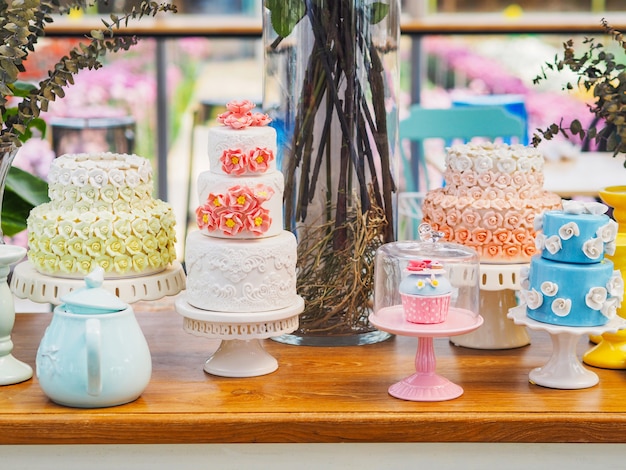 Colorful fancy cake on white cakestand 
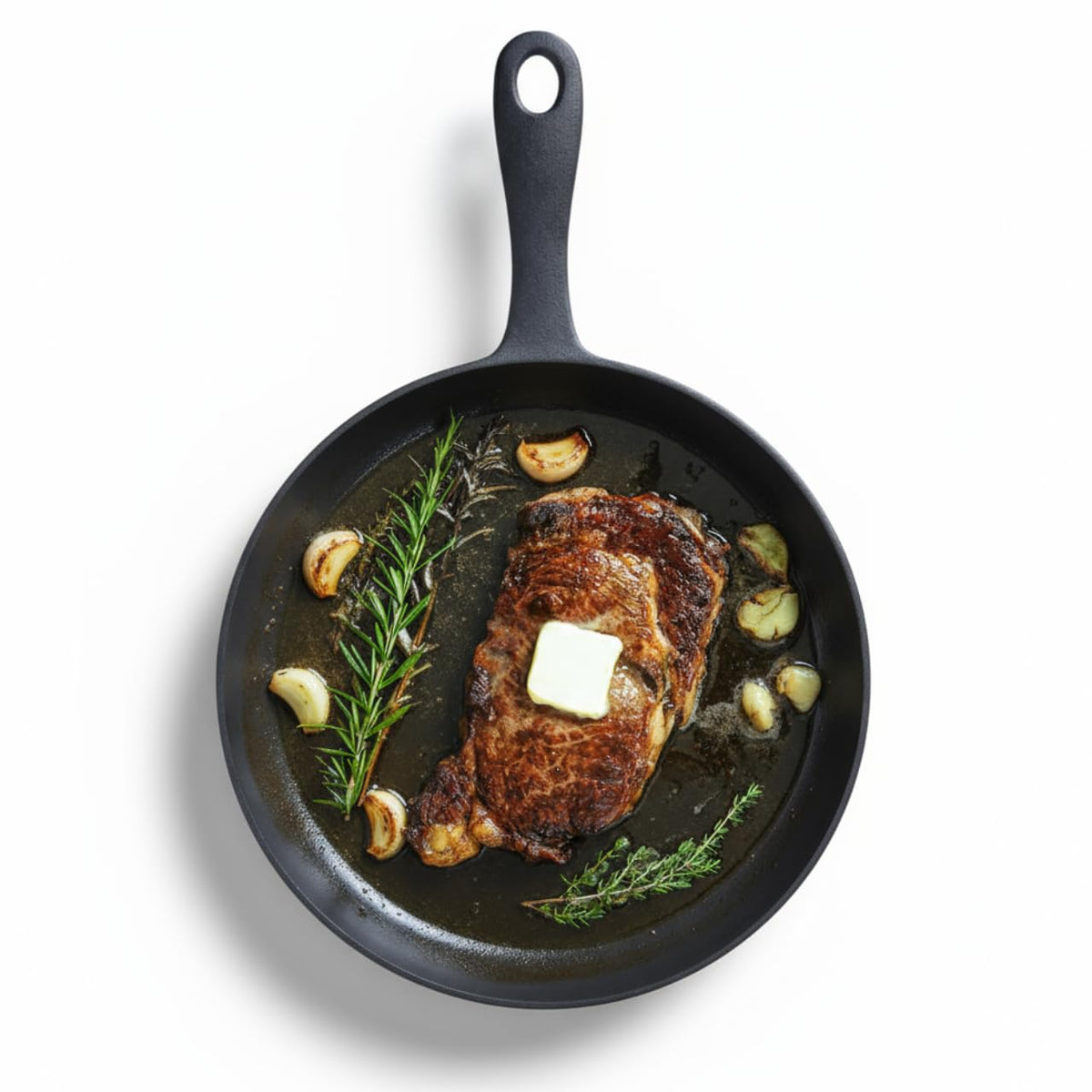 Sartén Flambo de hierro fundido 12" con superficie lisa ideal para dorar y sellar carnes.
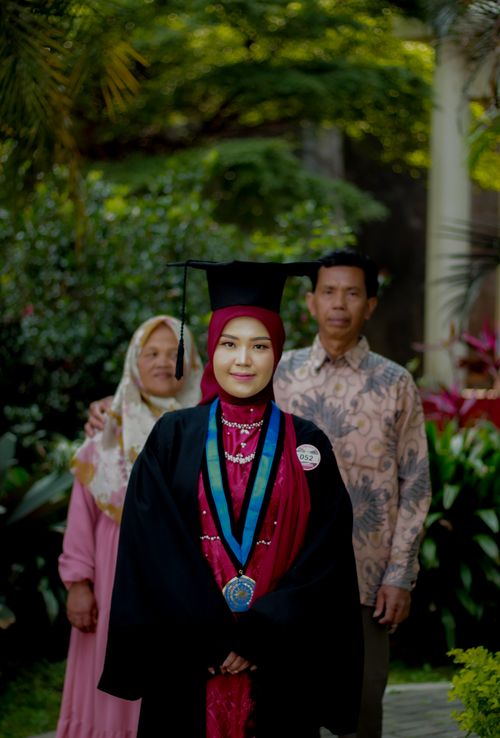 Free Graduation ceremony with proud parents in Malang, Indonesia. Stock Photo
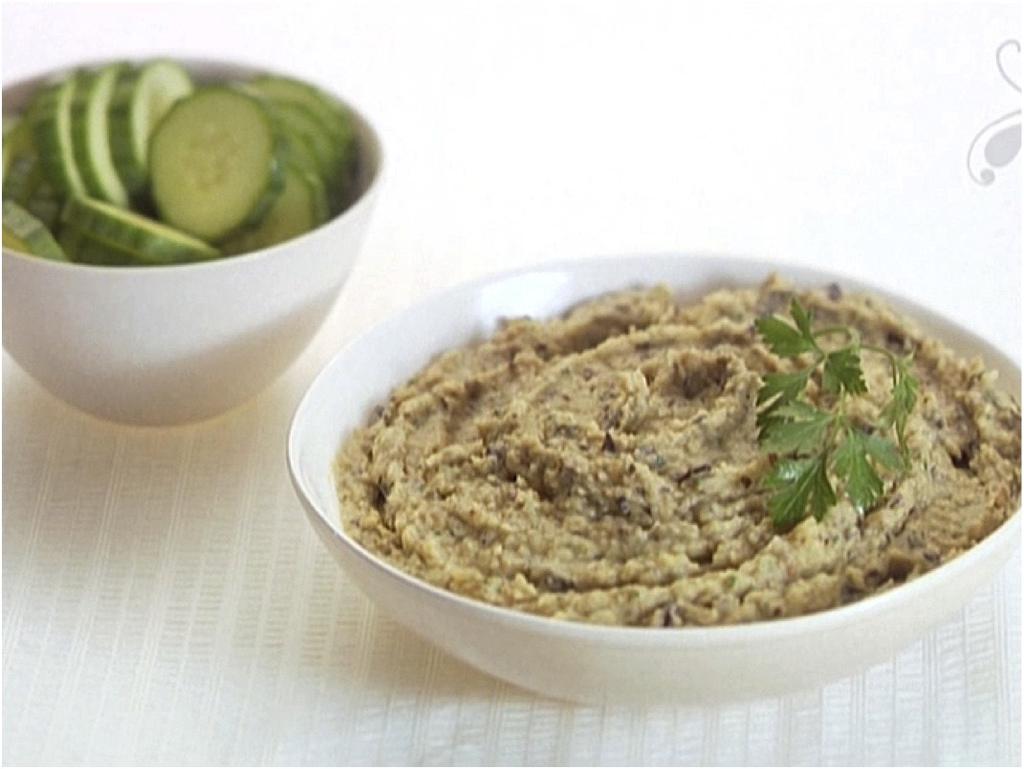 Eggplant Hummus 1 large eggplant (about 1 1/4 pounds) 3 tablespoons olive oil, divided 1/2 cup drained canned garbanzo beans (chickpeas) 1 1/2 tablespoons fresh lemon juice 2 teaspoons (generous)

--*--

Say again, word for word, the lines beginning at the top of the data and ending with the line that has "Free Graduation ceremony". Skip the pictures.

Exercise solution:
 Colorful fancy cake on white cakestand 
 Sartén Flambo de hierro fundido 12" con superficie lisa ideal para dorar y sellar carnes.
 Free Graduation ceremony with proud parents in Malang, Indonesia. Stock Photo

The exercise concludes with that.